Kucinich to investigate police surveillance of protest groups
Rep. Dennis Kucinich (D-OH), who has figured prominently in recent political news for his attempts to begin impeachment hearings against President George W. Bush, today announced that the congressional subcommittee he chairs will look into reports of peace groups being surveilled by police and private investigators.
"[M]ost people would be upset to know that police were spying on lawful citizens and infiltrating peaceful organizations, rather than chasing down real criminals," said Kucinich in a press release delivered to RAW STORY. "At a minimum, such police spying is clearly a waste of taxpayer dollars and a diversion from the mission of protecting and serving the people.
"I want the subcommittee to determine how widespread these activities are and who ordered them," the Ohio Democrat and former presidential candidate said.
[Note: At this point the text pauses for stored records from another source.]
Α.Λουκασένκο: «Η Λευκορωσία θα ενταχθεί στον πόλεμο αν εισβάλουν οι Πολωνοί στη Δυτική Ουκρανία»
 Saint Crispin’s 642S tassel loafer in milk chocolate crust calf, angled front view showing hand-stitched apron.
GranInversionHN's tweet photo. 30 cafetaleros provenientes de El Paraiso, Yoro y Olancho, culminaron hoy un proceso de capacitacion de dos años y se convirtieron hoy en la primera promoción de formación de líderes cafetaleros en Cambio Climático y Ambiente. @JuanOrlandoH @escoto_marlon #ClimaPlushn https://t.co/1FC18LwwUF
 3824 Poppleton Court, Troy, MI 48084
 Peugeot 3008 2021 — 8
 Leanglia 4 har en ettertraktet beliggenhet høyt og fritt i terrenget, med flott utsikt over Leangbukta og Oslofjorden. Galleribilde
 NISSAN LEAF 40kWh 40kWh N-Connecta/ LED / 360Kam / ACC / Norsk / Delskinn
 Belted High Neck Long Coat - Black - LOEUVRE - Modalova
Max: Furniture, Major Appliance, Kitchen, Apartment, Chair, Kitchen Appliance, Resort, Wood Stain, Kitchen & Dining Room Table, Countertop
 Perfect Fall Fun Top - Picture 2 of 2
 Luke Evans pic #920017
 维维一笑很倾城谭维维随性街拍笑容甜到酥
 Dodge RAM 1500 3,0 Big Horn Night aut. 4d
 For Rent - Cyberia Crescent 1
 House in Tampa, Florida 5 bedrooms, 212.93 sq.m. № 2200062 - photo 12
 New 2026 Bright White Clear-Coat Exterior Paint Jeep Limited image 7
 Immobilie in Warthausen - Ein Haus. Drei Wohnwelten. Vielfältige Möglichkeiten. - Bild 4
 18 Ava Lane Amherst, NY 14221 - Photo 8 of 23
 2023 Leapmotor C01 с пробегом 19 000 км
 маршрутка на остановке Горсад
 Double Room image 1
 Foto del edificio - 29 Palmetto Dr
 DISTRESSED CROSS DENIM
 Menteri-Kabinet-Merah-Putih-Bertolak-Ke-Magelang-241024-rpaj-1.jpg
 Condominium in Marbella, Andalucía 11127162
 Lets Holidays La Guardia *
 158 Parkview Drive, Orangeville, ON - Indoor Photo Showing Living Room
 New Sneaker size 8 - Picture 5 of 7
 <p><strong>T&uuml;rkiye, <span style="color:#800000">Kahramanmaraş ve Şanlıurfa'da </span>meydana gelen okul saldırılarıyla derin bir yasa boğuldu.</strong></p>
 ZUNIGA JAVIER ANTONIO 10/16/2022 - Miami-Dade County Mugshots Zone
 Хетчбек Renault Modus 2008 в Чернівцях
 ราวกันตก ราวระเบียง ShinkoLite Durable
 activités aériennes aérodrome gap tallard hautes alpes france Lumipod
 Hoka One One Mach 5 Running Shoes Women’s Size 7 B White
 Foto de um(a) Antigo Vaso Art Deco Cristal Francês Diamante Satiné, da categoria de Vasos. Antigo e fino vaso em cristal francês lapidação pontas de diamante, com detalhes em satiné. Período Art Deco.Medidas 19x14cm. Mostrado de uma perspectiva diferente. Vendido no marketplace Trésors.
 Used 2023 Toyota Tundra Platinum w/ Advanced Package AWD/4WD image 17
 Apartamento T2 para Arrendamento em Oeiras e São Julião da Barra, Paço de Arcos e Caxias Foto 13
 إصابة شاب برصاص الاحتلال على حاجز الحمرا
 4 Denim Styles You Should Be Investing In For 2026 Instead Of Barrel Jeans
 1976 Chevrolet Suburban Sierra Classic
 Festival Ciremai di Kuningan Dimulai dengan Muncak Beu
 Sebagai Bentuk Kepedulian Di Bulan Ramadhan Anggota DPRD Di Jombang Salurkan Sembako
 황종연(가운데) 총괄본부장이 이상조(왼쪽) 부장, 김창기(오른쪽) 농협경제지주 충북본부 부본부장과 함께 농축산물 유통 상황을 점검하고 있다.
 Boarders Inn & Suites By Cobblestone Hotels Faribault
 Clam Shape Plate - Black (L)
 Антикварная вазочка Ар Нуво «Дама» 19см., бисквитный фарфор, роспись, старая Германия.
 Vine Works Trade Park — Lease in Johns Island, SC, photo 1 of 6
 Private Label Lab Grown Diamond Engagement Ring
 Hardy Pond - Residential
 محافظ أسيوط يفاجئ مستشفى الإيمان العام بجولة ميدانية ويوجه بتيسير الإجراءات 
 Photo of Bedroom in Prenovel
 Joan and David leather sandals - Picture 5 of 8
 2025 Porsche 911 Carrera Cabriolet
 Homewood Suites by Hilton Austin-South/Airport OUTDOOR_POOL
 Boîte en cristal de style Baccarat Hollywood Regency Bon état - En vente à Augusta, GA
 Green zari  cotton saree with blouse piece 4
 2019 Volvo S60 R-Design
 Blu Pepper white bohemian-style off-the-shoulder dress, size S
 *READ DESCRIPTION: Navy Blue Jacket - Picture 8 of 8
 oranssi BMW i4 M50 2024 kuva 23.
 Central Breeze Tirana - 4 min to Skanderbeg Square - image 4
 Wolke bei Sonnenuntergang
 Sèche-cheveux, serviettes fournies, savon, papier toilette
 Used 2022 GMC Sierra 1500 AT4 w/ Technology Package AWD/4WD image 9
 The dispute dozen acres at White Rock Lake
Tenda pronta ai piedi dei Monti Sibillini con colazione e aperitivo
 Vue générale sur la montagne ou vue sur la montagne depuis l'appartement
Kucinich chairs the House Domestic Policy Subcommittee of the Oversight and Government Reform Committee.
The press release referred to reports that Maryland state police officers infiltrated peace and anti-death penalty groups and that private investigators working on behalf of "several large corporations" had surveilled environmental groups.
Such surveillance is apparently not limited to law enforcement and private investigators. In January 2007, the American Civil Liberties Union (ACLU) released a report showing "widespread Pentagon surveillance of peace activists."